* WORK REQUIRED *
Down to the last line, set down the material below exactly, excluding pictures.

* DATASET CONTENT *
_____
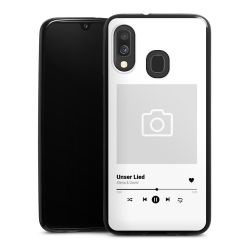 Silicone Slim Case black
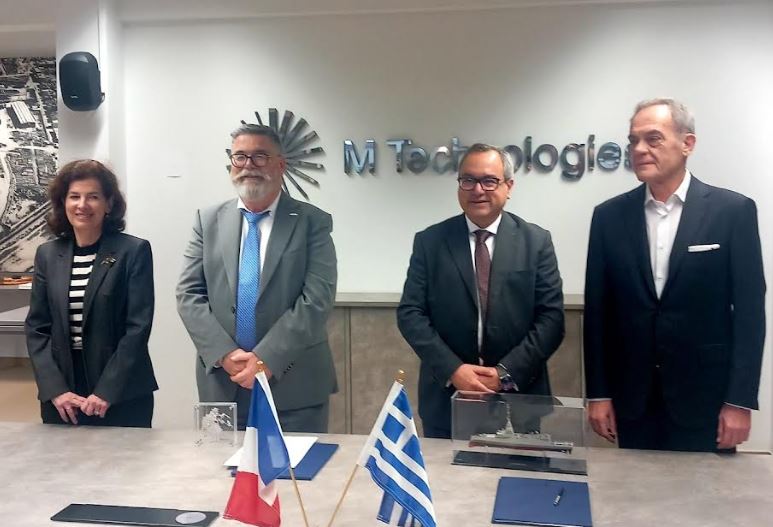 METLEN - METKA : H πρέσβειρα της Γαλλίας στο εργοστάσιο της METKA στη Μαγνησία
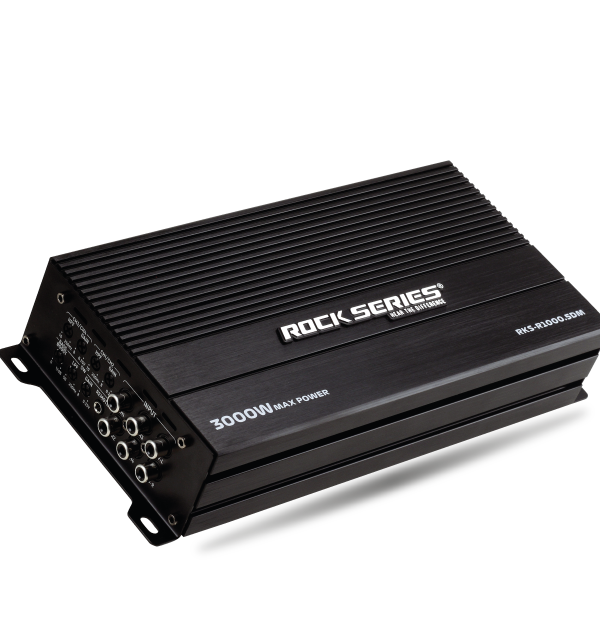 AMPLIFICADOR MINI CLASE D 110WX4@4+900WX1@1 - RKS-R1000.5DM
_____
* RESULT *
 Silicone Slim Case black
 METLEN - METKA : H πρέσβειρα της Γαλλίας στο εργοστάσιο της METKA στη Μαγνησία
 AMPLIFICADOR MINI CLASE D 110WX4@4+900WX1@1 - RKS-R1000.5DM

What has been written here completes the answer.